*** Opening Data listing ***

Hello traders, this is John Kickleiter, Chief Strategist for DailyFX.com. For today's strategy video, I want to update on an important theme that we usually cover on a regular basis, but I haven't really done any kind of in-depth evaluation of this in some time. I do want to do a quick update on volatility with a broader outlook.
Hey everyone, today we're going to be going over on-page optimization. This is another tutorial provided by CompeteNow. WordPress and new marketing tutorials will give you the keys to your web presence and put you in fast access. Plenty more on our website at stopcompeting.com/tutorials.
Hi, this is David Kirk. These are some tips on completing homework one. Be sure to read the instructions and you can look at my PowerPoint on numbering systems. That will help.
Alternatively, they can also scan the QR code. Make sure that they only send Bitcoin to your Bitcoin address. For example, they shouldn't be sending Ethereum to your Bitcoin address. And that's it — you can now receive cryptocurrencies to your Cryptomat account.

*** Closing Data listing ***
*** Opening Data listing ***

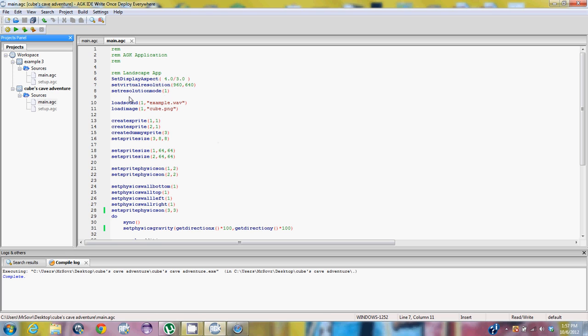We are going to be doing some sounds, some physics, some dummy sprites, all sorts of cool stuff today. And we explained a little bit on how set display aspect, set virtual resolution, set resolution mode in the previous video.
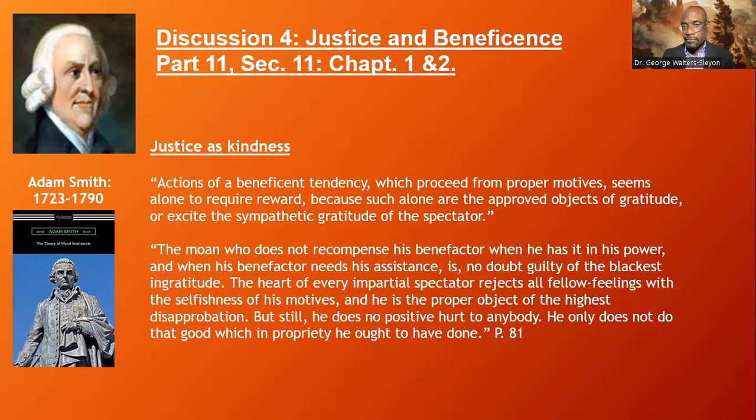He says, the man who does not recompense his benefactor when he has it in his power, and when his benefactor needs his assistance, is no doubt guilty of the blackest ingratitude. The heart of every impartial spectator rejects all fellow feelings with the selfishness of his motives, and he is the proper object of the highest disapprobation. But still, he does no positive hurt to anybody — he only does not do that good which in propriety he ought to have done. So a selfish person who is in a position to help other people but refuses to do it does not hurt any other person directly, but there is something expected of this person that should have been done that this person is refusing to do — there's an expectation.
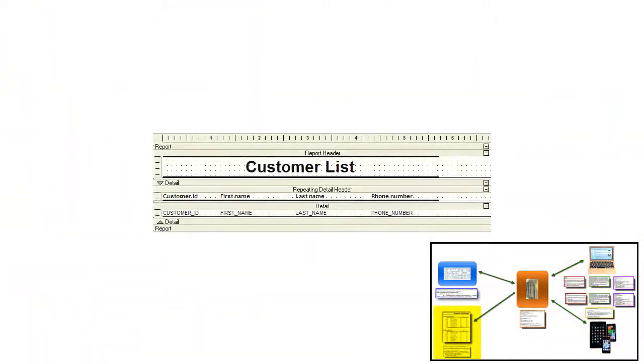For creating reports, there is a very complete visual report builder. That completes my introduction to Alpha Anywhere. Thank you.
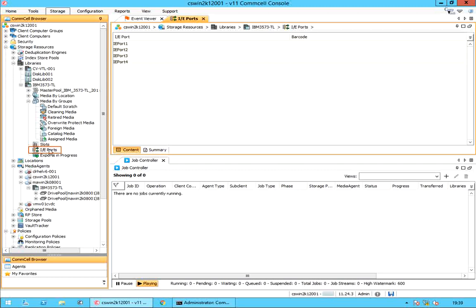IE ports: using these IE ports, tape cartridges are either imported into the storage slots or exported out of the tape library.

*** Closing Data listing ***
*** Opening Data listing ***

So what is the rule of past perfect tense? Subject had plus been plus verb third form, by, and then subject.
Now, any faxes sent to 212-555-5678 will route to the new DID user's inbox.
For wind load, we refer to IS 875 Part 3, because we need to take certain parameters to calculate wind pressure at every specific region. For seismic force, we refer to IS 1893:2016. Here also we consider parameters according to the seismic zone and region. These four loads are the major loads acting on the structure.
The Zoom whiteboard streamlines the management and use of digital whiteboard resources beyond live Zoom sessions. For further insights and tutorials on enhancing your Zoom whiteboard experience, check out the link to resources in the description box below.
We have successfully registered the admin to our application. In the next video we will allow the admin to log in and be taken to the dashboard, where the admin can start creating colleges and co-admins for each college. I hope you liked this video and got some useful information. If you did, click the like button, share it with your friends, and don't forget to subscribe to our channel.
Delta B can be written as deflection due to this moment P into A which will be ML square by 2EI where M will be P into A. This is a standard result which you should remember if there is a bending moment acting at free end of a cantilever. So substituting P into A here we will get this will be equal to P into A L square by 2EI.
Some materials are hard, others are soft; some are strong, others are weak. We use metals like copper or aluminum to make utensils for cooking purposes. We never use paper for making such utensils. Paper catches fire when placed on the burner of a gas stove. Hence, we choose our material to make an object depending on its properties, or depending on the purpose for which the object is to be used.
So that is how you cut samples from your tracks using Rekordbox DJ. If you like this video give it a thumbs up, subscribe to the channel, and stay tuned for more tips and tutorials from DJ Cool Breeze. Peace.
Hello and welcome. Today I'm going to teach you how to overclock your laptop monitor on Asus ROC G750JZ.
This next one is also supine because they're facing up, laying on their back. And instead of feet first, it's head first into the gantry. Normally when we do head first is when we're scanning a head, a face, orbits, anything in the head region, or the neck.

*** Closing Data listing ***

_Exercise description_. After locating the line with "Hello and welcome." above, return that line and every later line through the one with "This next one", word for word and with nothing else.

_Final answer_.
Hello and welcome. Today I'm going to teach you how to overclock your laptop monitor on Asus ROC G750JZ.
This next one is also supine because they're facing up, laying on their back. And instead of feet first, it's head first into the gantry. Normally when we do head first is when we're scanning a head, a face, orbits, anything in the head region, or the neck.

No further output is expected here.